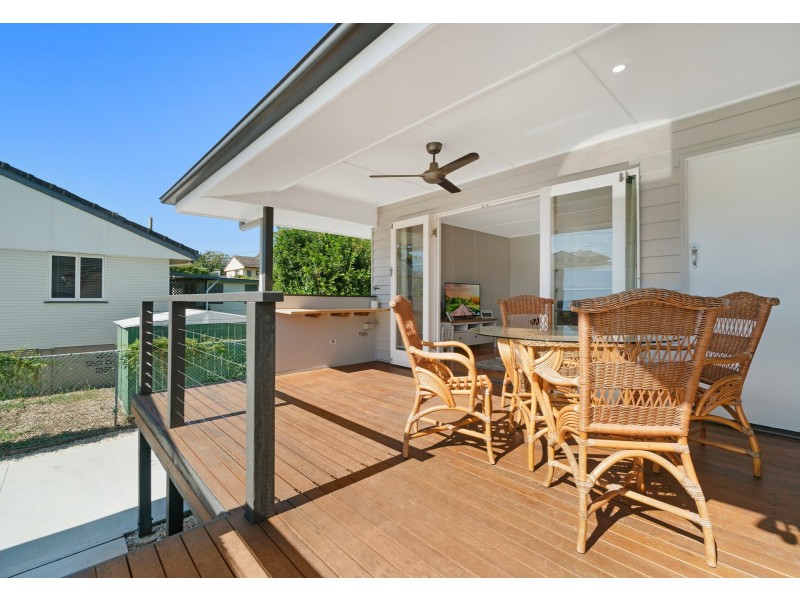 26 Arura Street, Mansfield QLD 4122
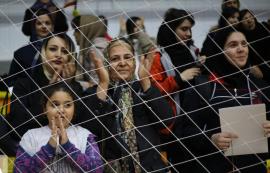 بانوان بوشهری را یک نیمه پشت درهای ورزشگاه گذاشتند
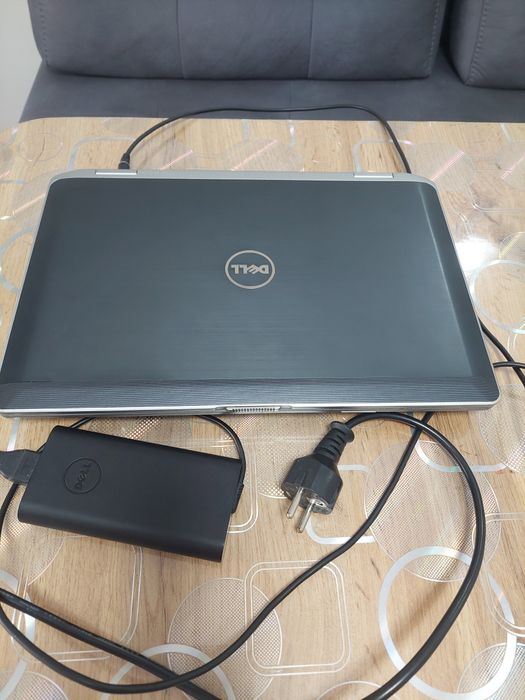 Лаптоп DELL работещ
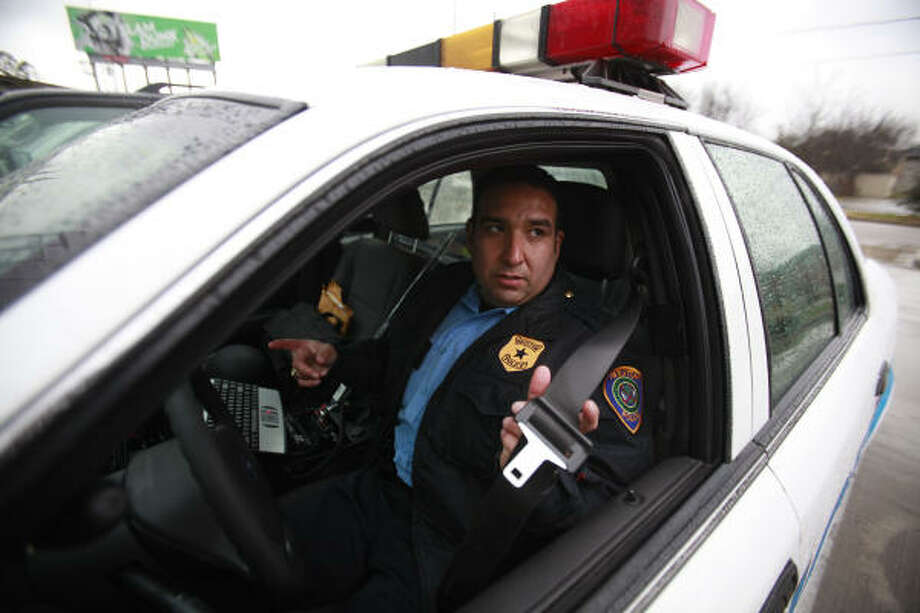 Despite fatal crashes, seat belts don't click with all police Houston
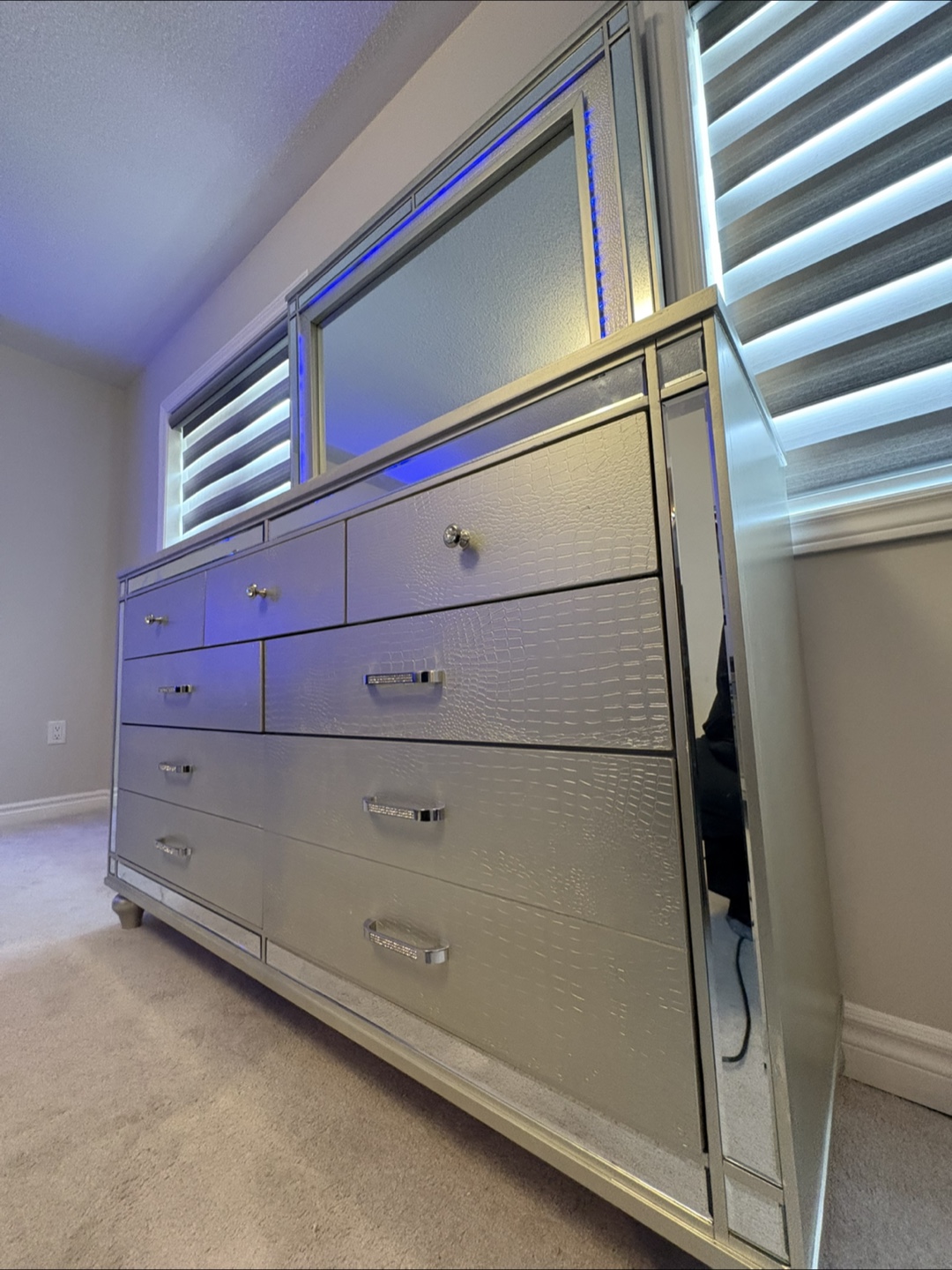 Luxury King Bed Set with LED Headboard & Dresser - photo 2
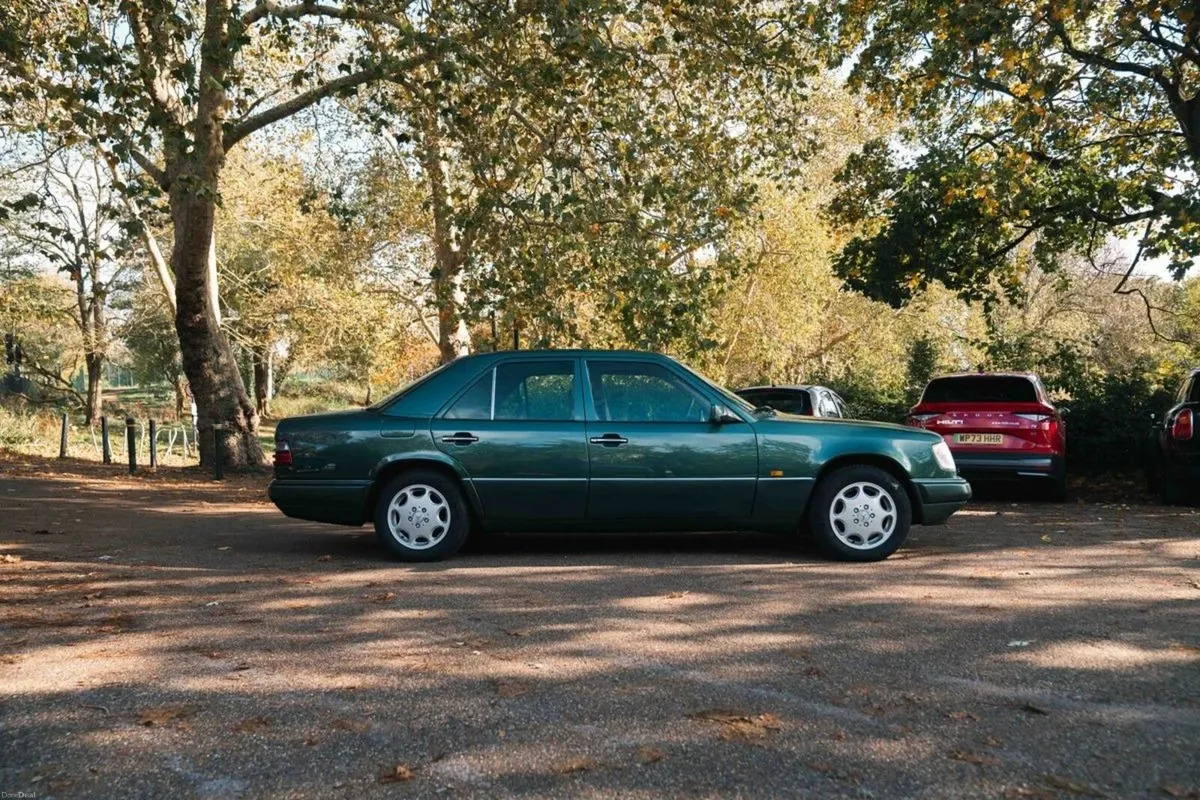 1994 Mercedes Benz E280 automatic W124. 2.8 - Image 5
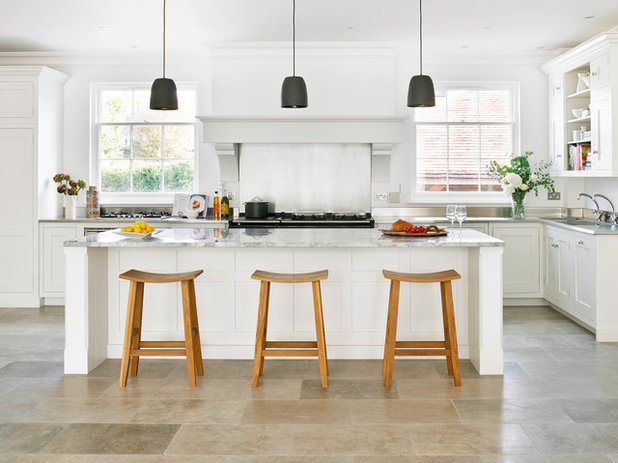 Contemporary Kitchen by Brayer Design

==*==

Every entry above should be given again exactly, with no images included.

 26 Arura Street, Mansfield QLD 4122
 بانوان بوشهری را یک نیمه پشت درهای ورزشگاه گذاشتند
 Лаптоп DELL работещ
 Despite fatal crashes, seat belts don't click with all police Houston
 Luxury King Bed Set with LED Headboard & Dresser - photo 2
 1994 Mercedes Benz E280 automatic W124. 2.8 - Image 5
 Contemporary Kitchen by Brayer Design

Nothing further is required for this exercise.